Les automobiles et les pièces détachées conformes aux exigences de l'accord États-Unis-Mexique-Canada feront partie des produits exemptés. Le taux de taxe sur les engrais potassiques du Canada, dont la production agricole américaine dépend fortement des engrais, devrait être réduit à 10 %. La Maison Blanche estime que 62 % des échanges commerciaux importés du Canada seront toujours soumis à des droits de douane accrus, dont la plupart concernent des produits énergétiques avec un taux de taxe de 10 %. La moitié des marchandises importées du Mexique sont taxées. Un responsable de la Maison Blanche a averti que ces ratios pourraient changer à mesure que les importateurs se précipiteront pour se conformer aux nouvelles règles.

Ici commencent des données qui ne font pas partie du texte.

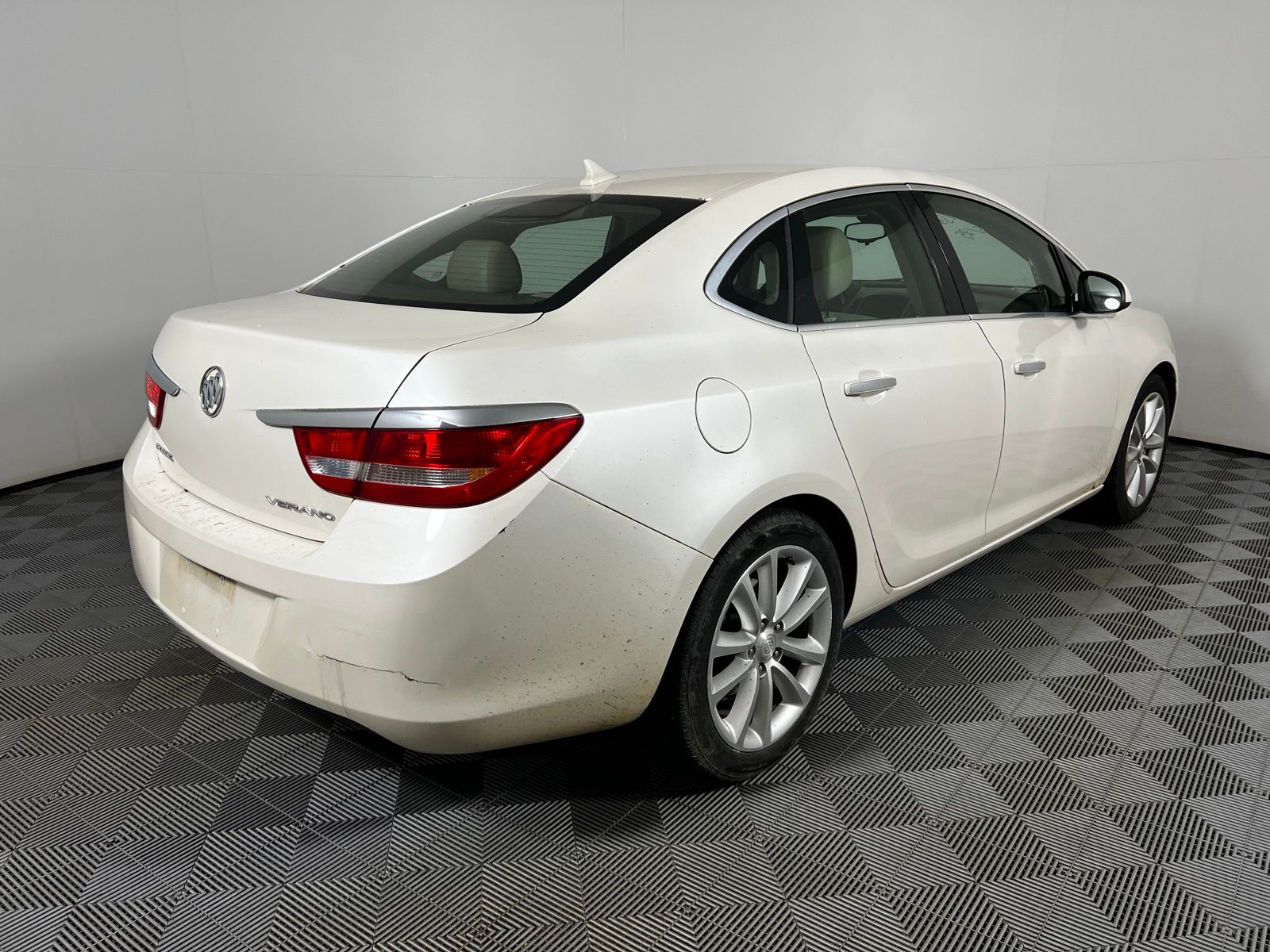 2013 Buick Verano Base 5
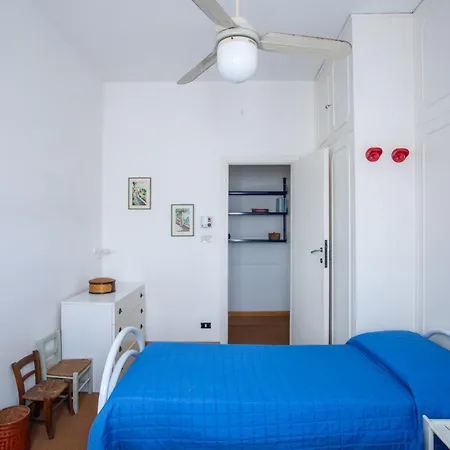 Sea Breeze Beachfront 公寓 加埃塔
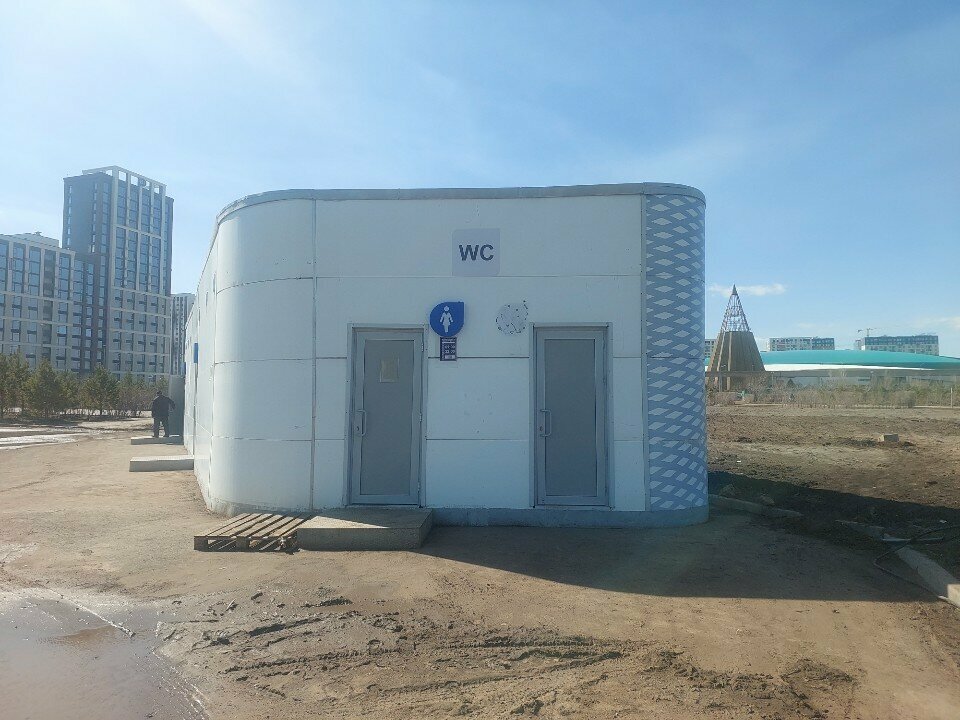 حمام عام Public bathroom ، أستانا، صورة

Cette décision constitue un autre revirement majeur dans la gouvernance de Trump. Il a annoncé mardi la plus forte augmentation des droits de douane depuis un siècle, mais a reculé à peine 48 heures plus tard alors que les actions américaines chutaient et que les républicains exprimaient leur inquiétude quant aux conséquences économiques.
Trump a minimisé cette réaction, affirmant qu'il "ne prêtait même pas attention au marché". Il insiste sur le fait que les pays étrangers profitent des États-Unis et que les droits de douane peuvent les rendre plus forts.
Il a également averti que le maintien des tarifs douaniers sur le secteur automobile ne durerait pas longtemps, affirmant qu'il n'accepterait pas un nouveau report le mois prochain.
"Je leur ai dit que c'était tout, qu'il s'agissait d'un accord à court terme", a déclaré Trump, exhortant les dirigeants du secteur automobile à ne pas revenir et à le supplier d'attendre.
Lutnick a révélé jeudi matin que Trump envisageait d'accorder des exemptions aux marchandises en provenance du Mexique et du Canada qui respectent l'accord. Les actions américaines ont ouvert en baisse à New York jeudi alors que les pressions de Trump en faveur de droits de douane ont énervé les investisseurs. Après les commentaires de Lutnick, le marché boursier a récupéré quelques pertes, le pétrole brut WTI tombant au plus bas de la séance, tandis que le peso mexicain et le dollar canadien ont été stimulés à la hausse.
Lutnick a déclaré que le Mexique et le Canada ont "proposé que beaucoup de travail pourrait être fait sur le fentanyl".
Le Premier ministre canadien Justin Trudeau a déclaré jeudi que les mesures de rétorsion du pays ne seraient pas annulées à moins que l'administration Trump n'annule toutes les augmentations de droits de douane.